Brent crude futures rose six cents to settle at US$74.57 a barrel. The international benchmark reached US$74.73 a barrel on Tuesday and Wednesday, highest since Nov 1.US West Texas Intermediate crude futures were under more pressure from the build in domestic stocks, and ended 41 cents lower at US$65.89 a barrel. On Tuesday, WTI hit US$66.60, the highest since Oct 31, report agencies.
US crude inventories rose 5.5 million barrels last week, the Energy Information Administration said, far more than analysts' forecast of an increase of 1.3 million barrels.
Crude output in the United States, which turned into the world's top producer last year, last week edged back to its record high at 12.2 million barrels per day while net imports jumped 900,000 bpd, EIA data showed.
However, refinery utilisation rates rose to 90.1 per cent of total capacity, their highest since early February.
The build in crude stockpiles was "bearish, especially developing in spite of a larger-than-expected jump in US refinery runs of almost 2.5 per cent of capacity," Jim Ritterbusch, president of Ritterbusch and Associates, said in a note.

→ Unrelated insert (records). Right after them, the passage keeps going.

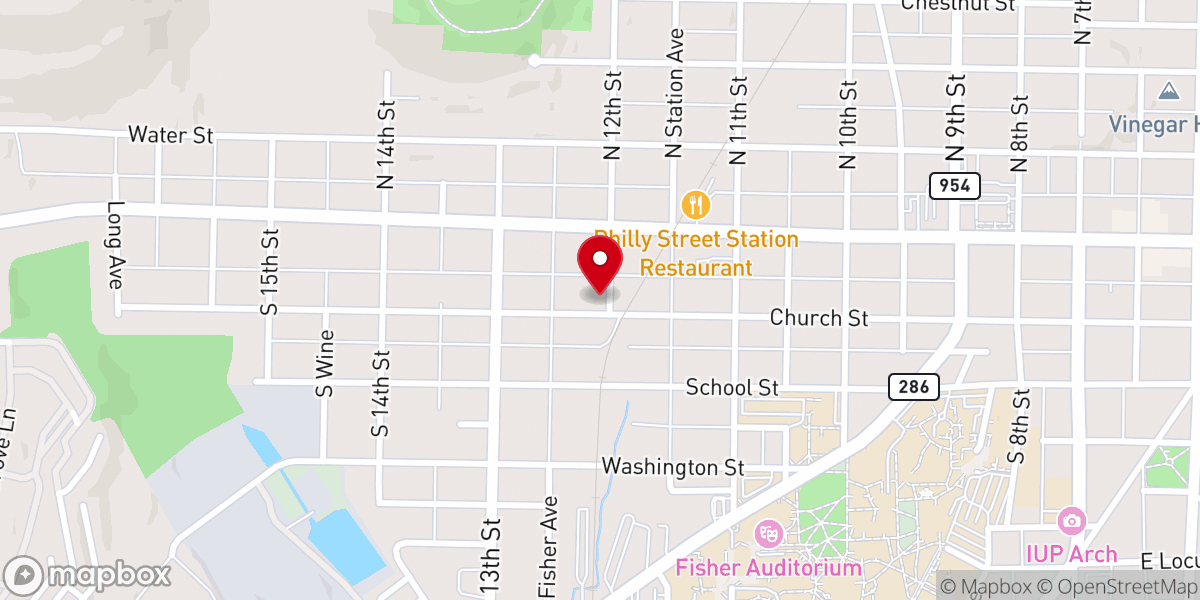 Map showing location of Indiana Wesleyan Methodist Church
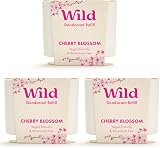 Wild Cherry Blossom Refill Trio Pack Natural Deodorant Vegan Aluminium Free 40g view 1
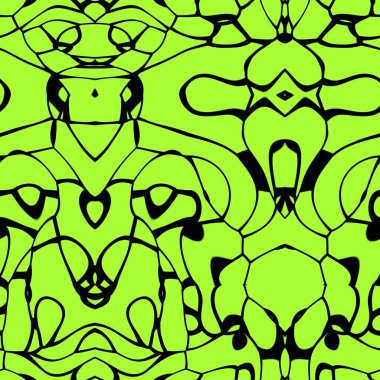 Kireç ve siyah tonlarda kusursuz soyut desen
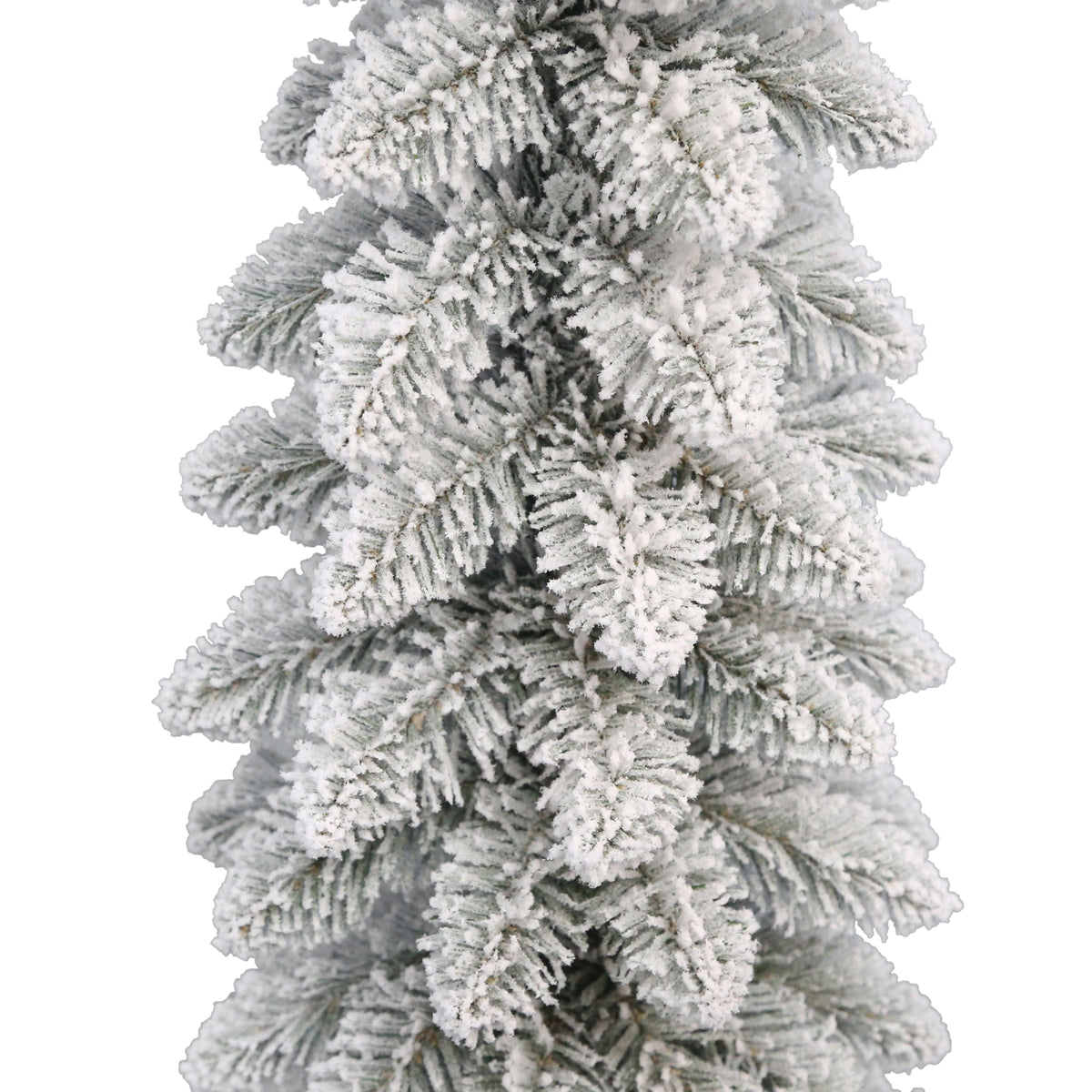 Snow-Flocked Non-Lit Artificial Christmas Trees with Resin Pots, Green, Set of 3, by Holiday Time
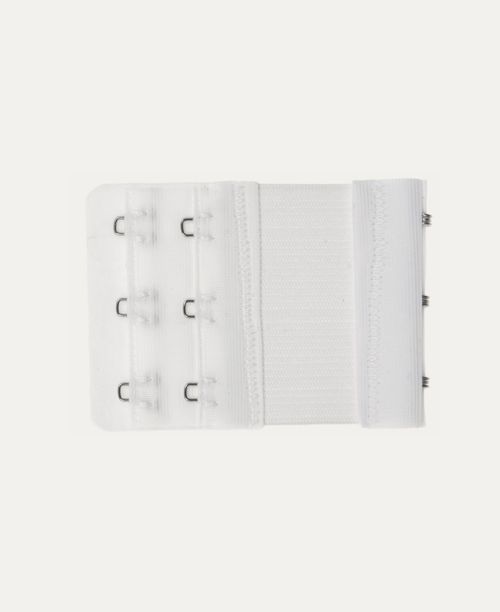 מאריך לחזייה 3 קרסים עם גומי לבן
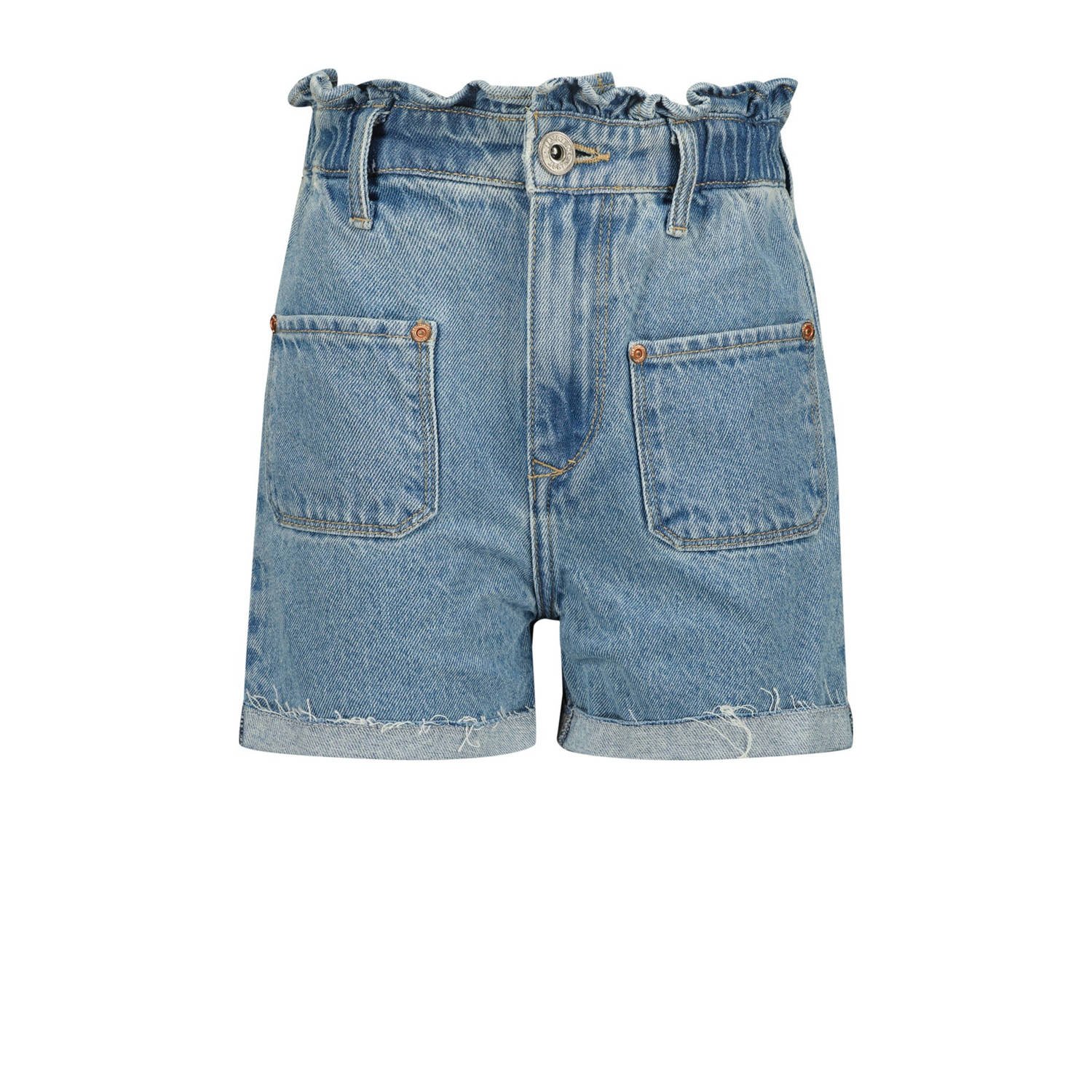 Vingino high waist denim short Demy blue vintage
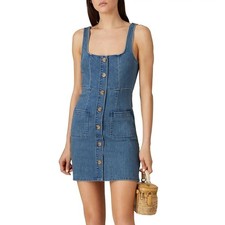 Show Me Your Mumu Blue Cora Dress Denim Maliblue Button Mini Size S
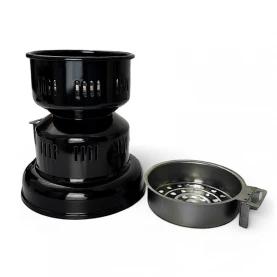 Rozpalovač na uhlíky Coal Pan - vytiahnutá korunka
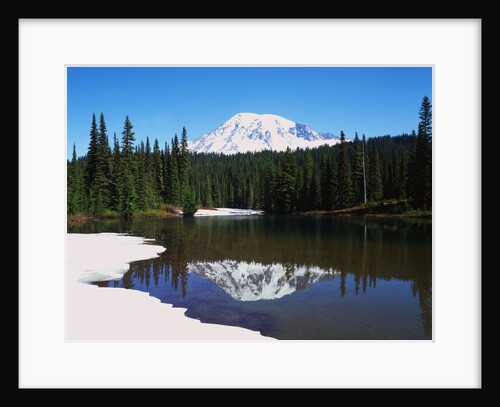 Lake Recfleting Mount Rainier by Anonymous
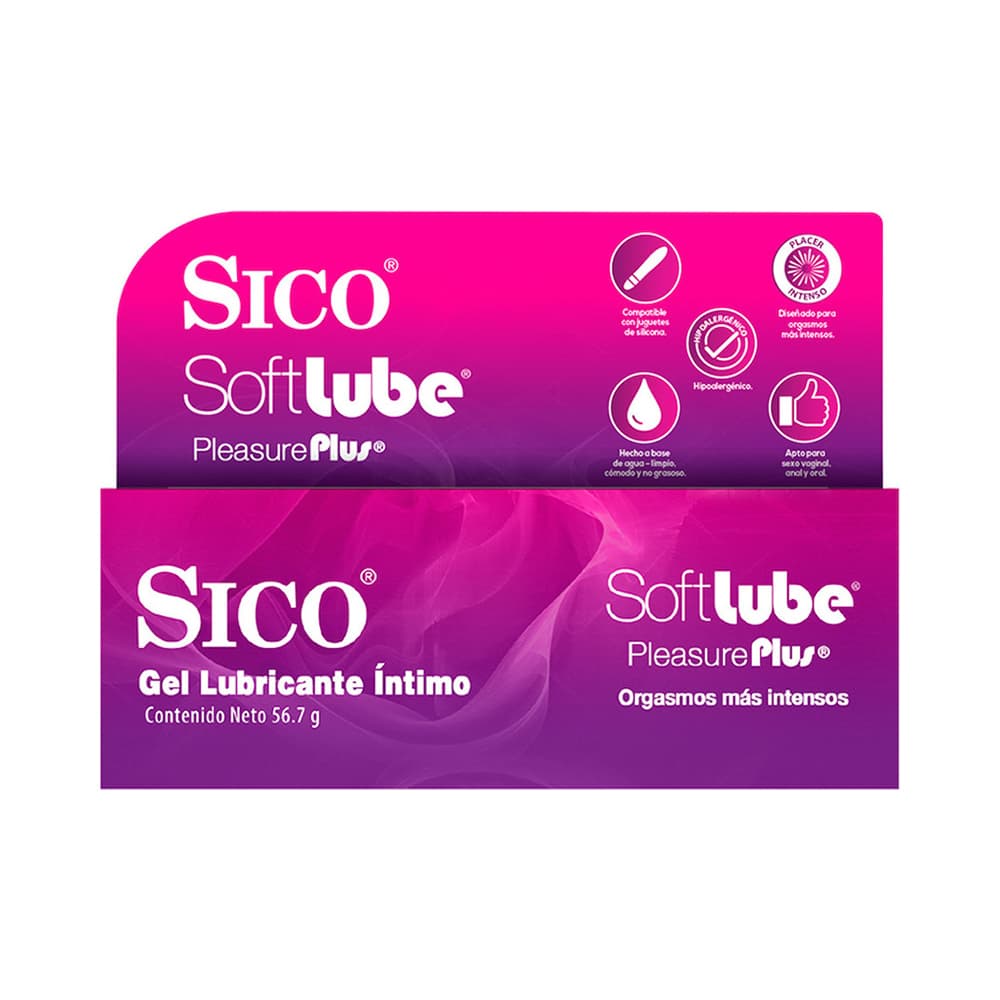 Sico Soft Lube Pleasure Plus Lubricante 56.7 grs 56.7
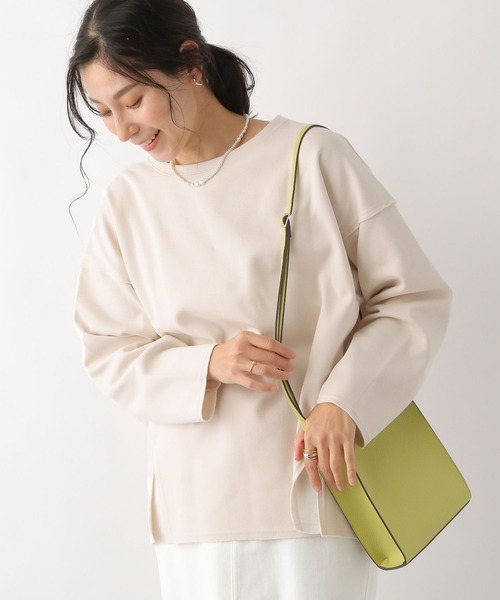 LEPSIM(レプシィム)の「アウトステッチプルオーバー 182195(Tシャツ/カットソー・レディース・アイボリー/ネイビー/レッド・FREE)」の2枚目の写真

Crude futures and prices for spot delivery rallied after the United States said on Monday it would end all exemptions for sanctions against Iran, demanding countries halt oil imports from Tehran from May or face punitive action. The move raised worries about tighter global oil supplies.The United States must be prepared for consequences if it tries to stop Iran from selling oil and using the Strait of Hormuz, Iran's foreign minister, Mohammad Javad Zarif, warned on Wednesday.
China, Iran's biggest oil customer, has formally complained about the move.
The spot price surge put the Brent forward curve into steep backwardation, in which prices for later delivery are cheaper than for prompt dispatch.
The United States has said it saw Saudi Arabia as a partner to balance oil markets.